Detects the use of deallocated memory.

Overview

Use this check to detect when your code accesses deallocated memory, which can lead to unpredictable behavior. Available in Xcode 7 and later.

Use of deallocated memory in Objective-C

In the following example, the unsafePointer variable has __unsafe_unretained ownership. Because there are no other objects that have a strong reference to it, the autorelease pool deallocates the variable, causing it to point to invalid memory.
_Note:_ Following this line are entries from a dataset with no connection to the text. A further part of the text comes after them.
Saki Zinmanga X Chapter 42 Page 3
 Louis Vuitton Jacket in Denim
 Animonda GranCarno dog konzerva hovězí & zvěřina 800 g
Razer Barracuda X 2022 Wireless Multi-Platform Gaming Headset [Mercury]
__unsafe_unretained MyClass *unsafePointer;
@autoreleasepool {    
    MyClass *object = [MyClass new];
    unsafePointer = object;
}
NSLog(@"%d", unsafePointer->instanceVariable); 
// Error: unsafePointer is deallocated in autorelease pool

Solution

Use a __strong or __weak reference instead of __unsafe_unretained. Strong ownership ensures that you, or the system, can only deallocate an object when no strong references exist. Weak ownership has no effect on the life cycle of the object it refers to, but ensures that a variable is nil when you deallocate the object, or the system deallocates it.
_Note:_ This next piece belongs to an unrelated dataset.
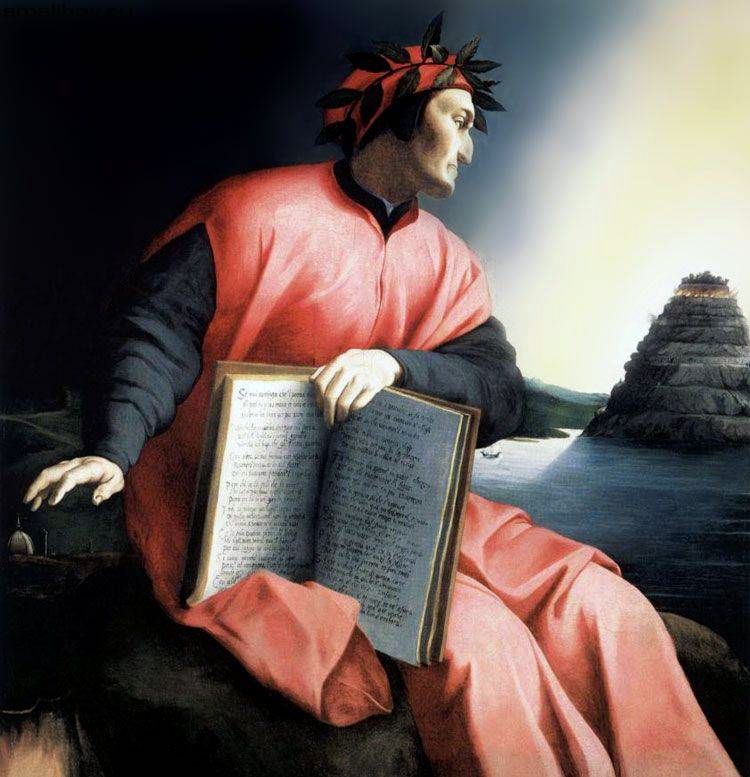 Portrait de Dante   Agnolo Bronzino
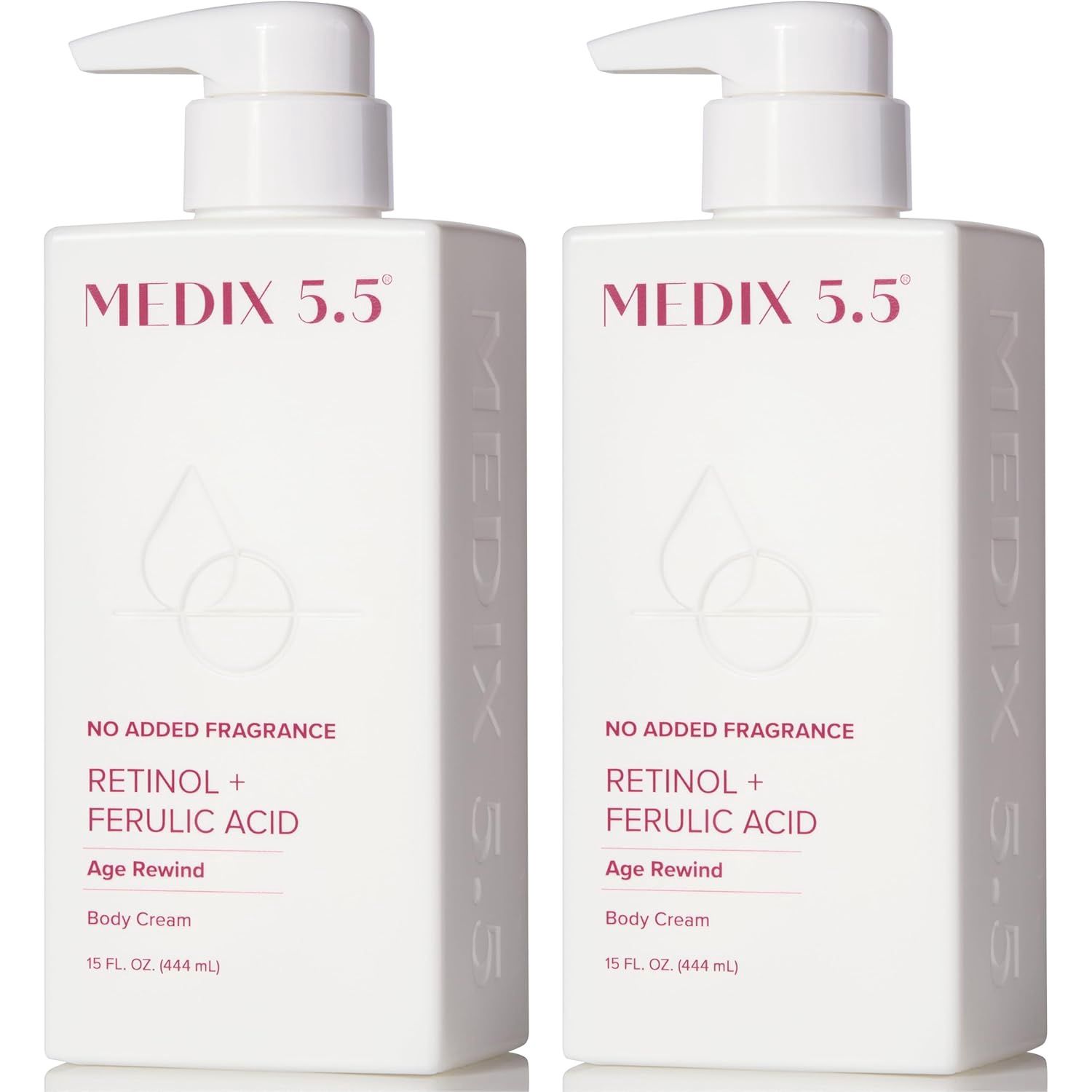 MEDIX Fragrance Free Retinol Face Moisturizer &amp; Body Lotion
Use of deallocated pointer in Objective-C

This issue exists when using pointers to nonobject types, as well. In the following example, the pointer to the instance variable invalidates when deallocating the object:

int *unsafePointer;
@autoreleasepool {    
    MyClass *object = [MyClass new];
    unsafePointer = &object->instanceVariable;
}
NSLog(@"%d", *unsafePointer);
// Error: unsafePointer is invalidated when object is deallocated in autorelease pool

Solution

Use property accessors rather than direct access to instance variables and pointers whenever possible.